C'est toujours important de retenir les leçons et je suis certain que les joueurs ont appris de ces erreurs. Ils en souffrent autant, si ce n’est plus, que chacun de nous. Ce sont eux qui gaspillent des points et eux qui savent qu'ils sont assez bons pour gagner ce championnat. Ils ne veulent donc pas décevoir. Pendant le match, ceux qui sont sur le bord du terrain, les fans, mon staff et moi, nous ressentons peut-être plus de frustration, mais après le match et pendant les deux jours qui suivent, ce sont les joueurs qui en souffrent encore. Ils n'aiment pas ressentir ça, alors ils vont travailler dur pour éviter de commettre les mêmes erreurs. Les plus grands professionnels, dans n'importe quelle discipline, ont besoin de deux choses : la régularité et la concentration. Ces qualités sont essentielles pour réussir.

Avons-nous déjà atteint le moment où l’on ne peut plus se permettre de gâcher le moindre point ?

Non, non, non. Toutes les équipes vont encore perdre des points, c'est inévitable. Si vous regardez le début de saison de Chelsea, vous auriez prédit ces victoires. La position qu'ils occupent ne m'étonne donc pas. Pendant ce temps, nous avons eu des déplacements risqués à Fulham et à Everton, et nous avons ensuite reçu Liverpool. Ce sont des rencontres difficiles. Liverpool, Arsenal et nous-mêmes avons tous joué des grosses équipes dès le début. Les plus gros tests pour Chelsea sont encore à venir.

Antonio Valencia s'est gravement blessé face aux Rangers. Comment compensons-nous son absence ?
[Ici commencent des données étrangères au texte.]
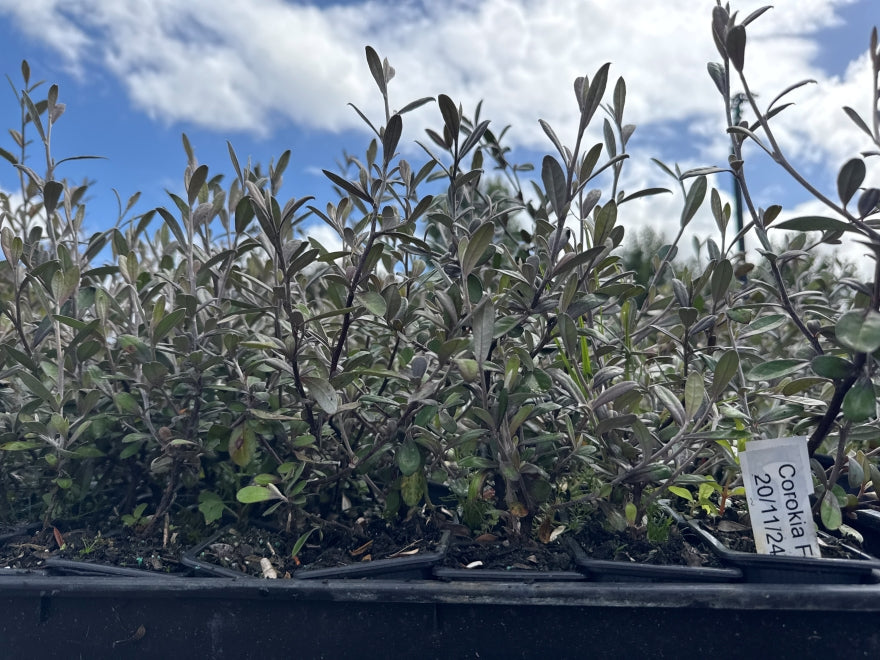 10x Corokia Frosted Chocolate - $1.99 each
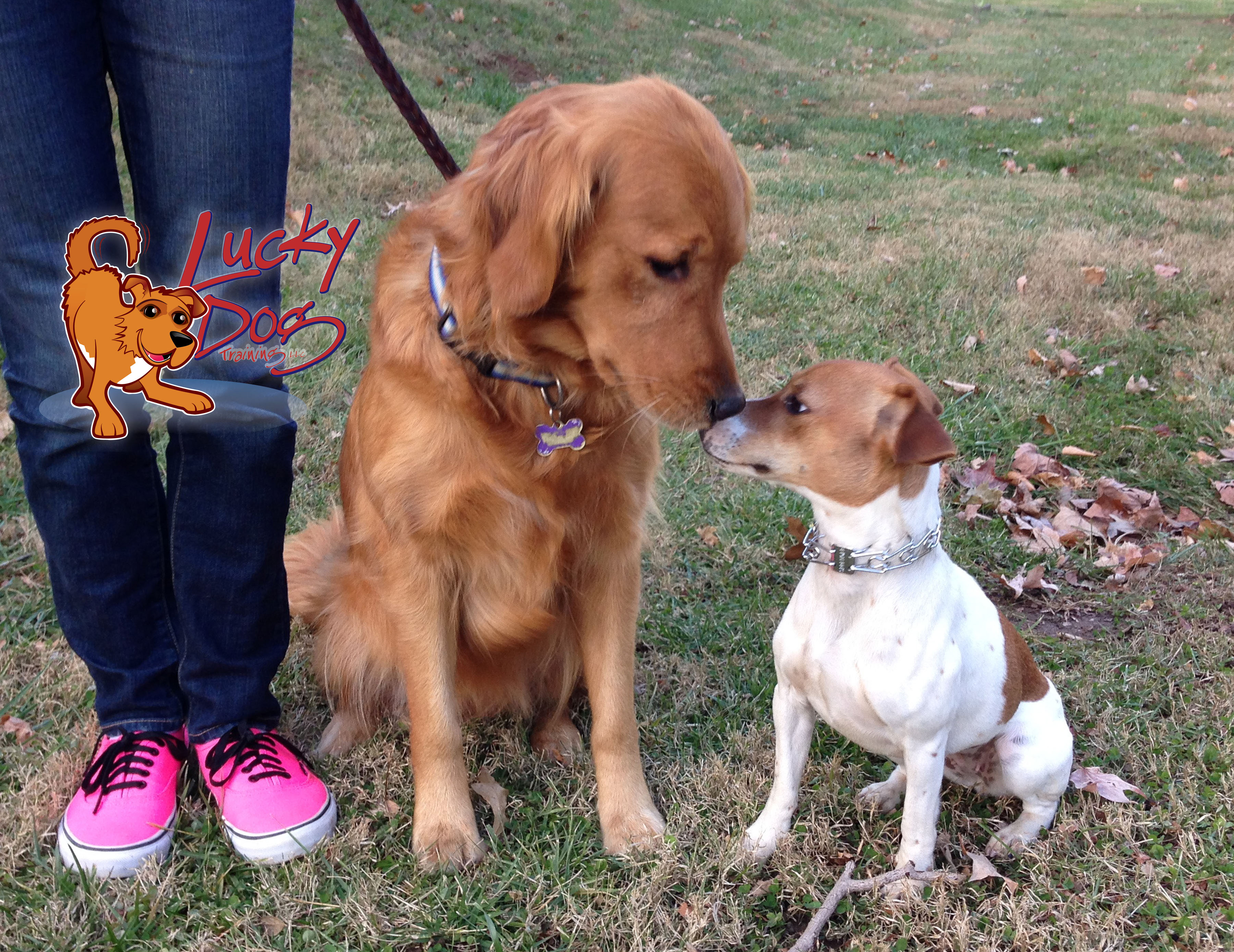 Daily Motivations – Day 10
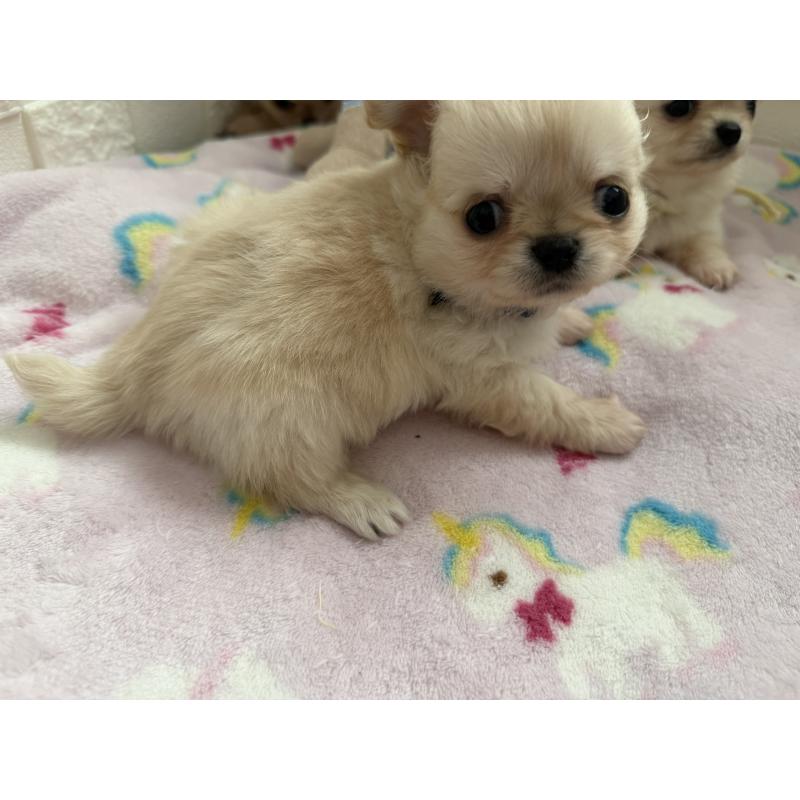 販売中の愛知県のチワワ(ロングコート)-447265の4枚目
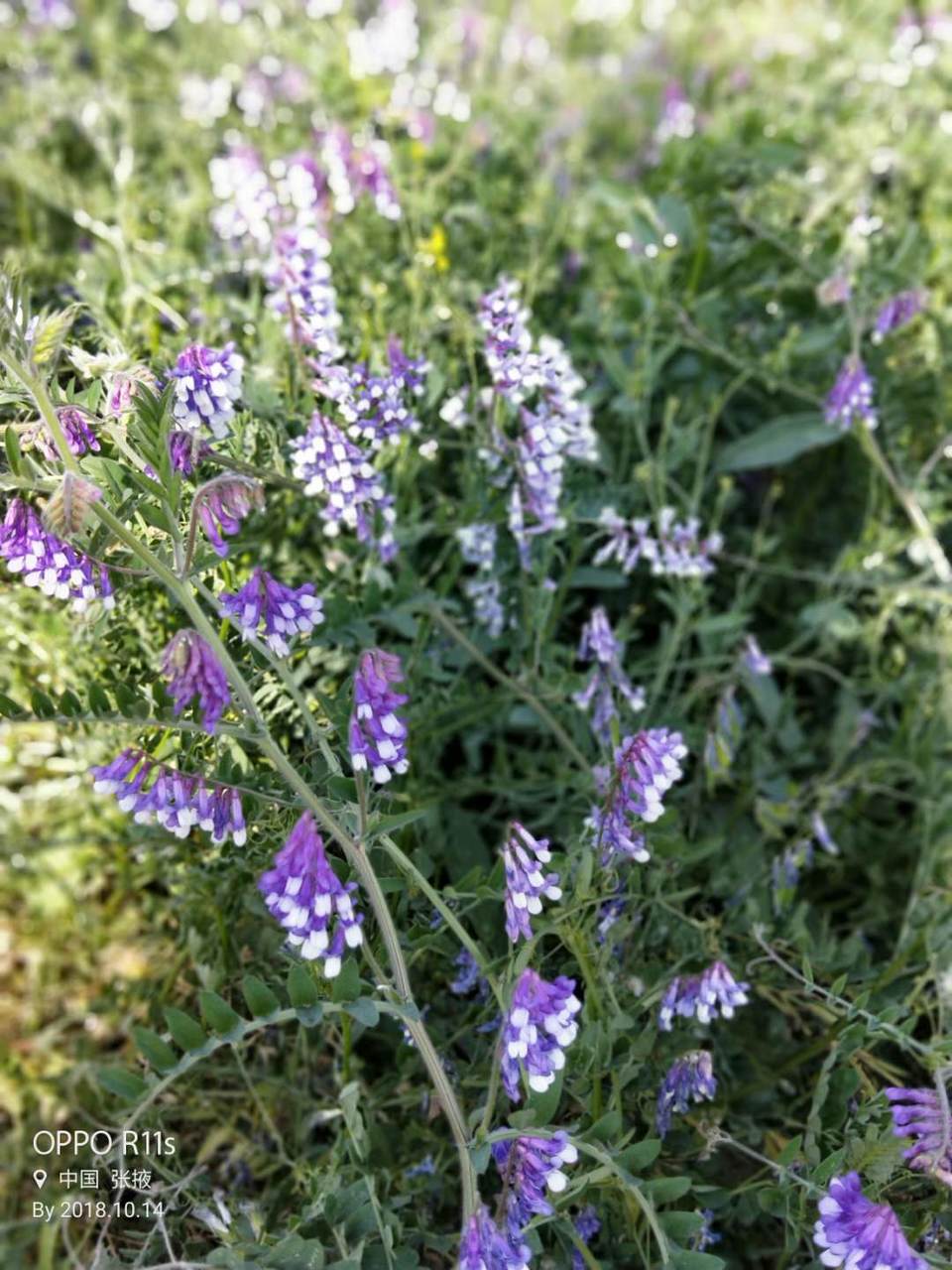 N-ckRF9lW5DJZHdrNjndTbgqHWTfp3s_X1DRZJIbLQ0DzMMjbKLxPbufTHA_jX85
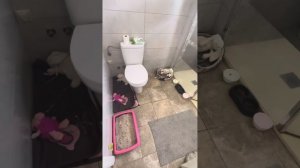 Как приручить дикого котенка часть 1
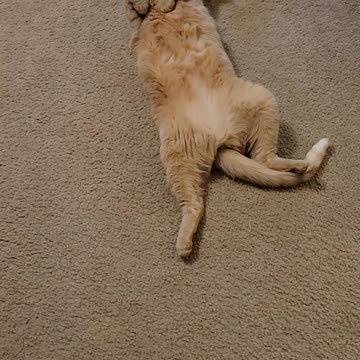 Cat exercise routine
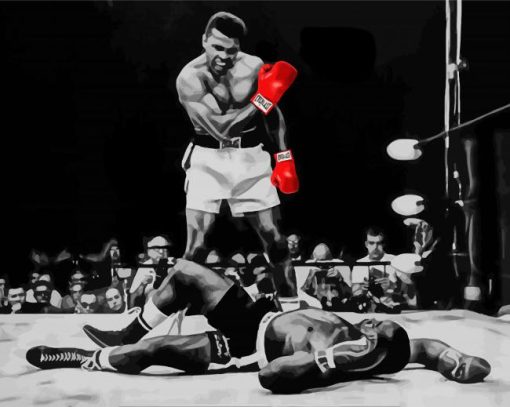Muhammad Ali paint by number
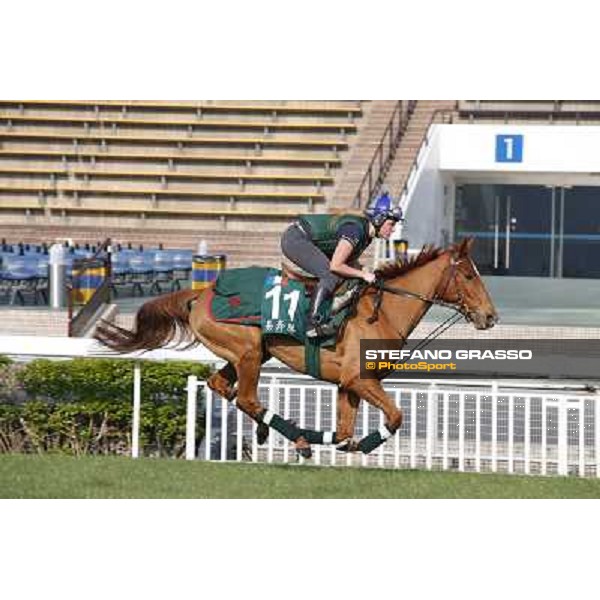 Ebiyza Morning worksout at Sha Tin Hong Kong,4th dec.2013 ph.Stefano Grasso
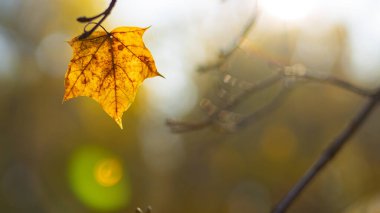 Ağaçlardaki sarı sonbahar yaprakları. Bokeh ile sonbahar doğa geçmişi. Akçaağaç yaprakları, sonbahar arkaplanı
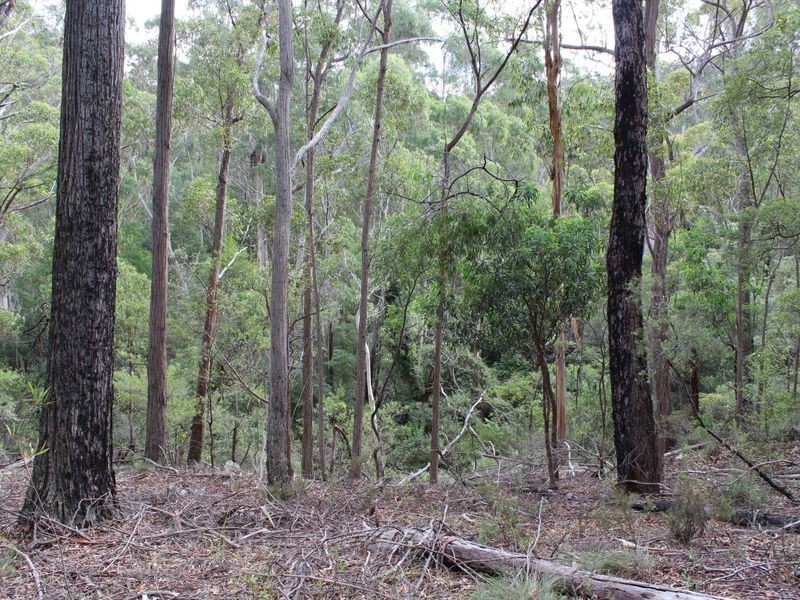 Lot 301 Yellow Pinch Drive, Merimbula NSW 2548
C'est toujours dommage de perdre un joueur mais Antonio était probablement le joueur qui avait fait le plus de progrès lors des 12 derniers mois, ce fut donc un coup dur. Son évolution depuis son arrivée est incroyable. On pensait qu'il lui faudrait deux années pour atteindre ce niveau, mais il a relevé le défi comme un champion. Cela étant dit, nous avons une grande équipe et on se débrouillera. C'est à Nani de se montrer maintenant, il l'a fait de superbe manière cette saison. On a également Gabriel Obertan et le jeune Bébé, qui s'entraînent très bien. On n'est pas trop mal, il y a des options.

Apprenez-vous autant de vos joueurs lors d'une soirée froide à Scunthorpe que lorsqu'ils jouent Liverpool à Old Trafford ?

Absolument. Ces dernières années, nous nous sommes vraiment bien débrouillés en Carling Cup. Et je ne parle pas seulement du fait que nous l'avons remportée plusieurs fois. Nous npus sommes déplacés à Scunthorpe cette saison, à Barnsley l'an dernier, et c'est dans ce genre de conditions que vous apprenez le plus de votre équipe. Nous avons aligné beaucoup de jeunes joueurs en Carling Cup l'autre jour, et ils se sont très bien débrouillés. Cette compétition nous est très utile ; elle me permet de satisfaire tout le monde en terme de matches joués et nous avons atteint les deux dernières finales, ce qui présente des avantages évidents. Jouer des matchs au sommet à Wembley est une aubaine incroyable pour le développement d'un joueur.

Avoir l'expérience de remporter des trophées est une donnée irremplaçable, n'est-ce pas ?

Tout à fait, mais être éliminés dans les premiers tours, comme nous l'avons été face à Coventry ou Southend il y a quelques années, représente également une bonne expérience. On préfère toujours gagner, mais je me souviens de notre défaite à domicile contre Coventry en 2007. Nos gars ont tout simplement oublié qu'il s'agissait d'un match de coupe et la punition pour cette mauvaise performance fut l'élimination. Coventry avait la rage de vaincre et ils méritaient de gagner. Ce fut une bonne leçon qui porte ses fruits aujourd'hui.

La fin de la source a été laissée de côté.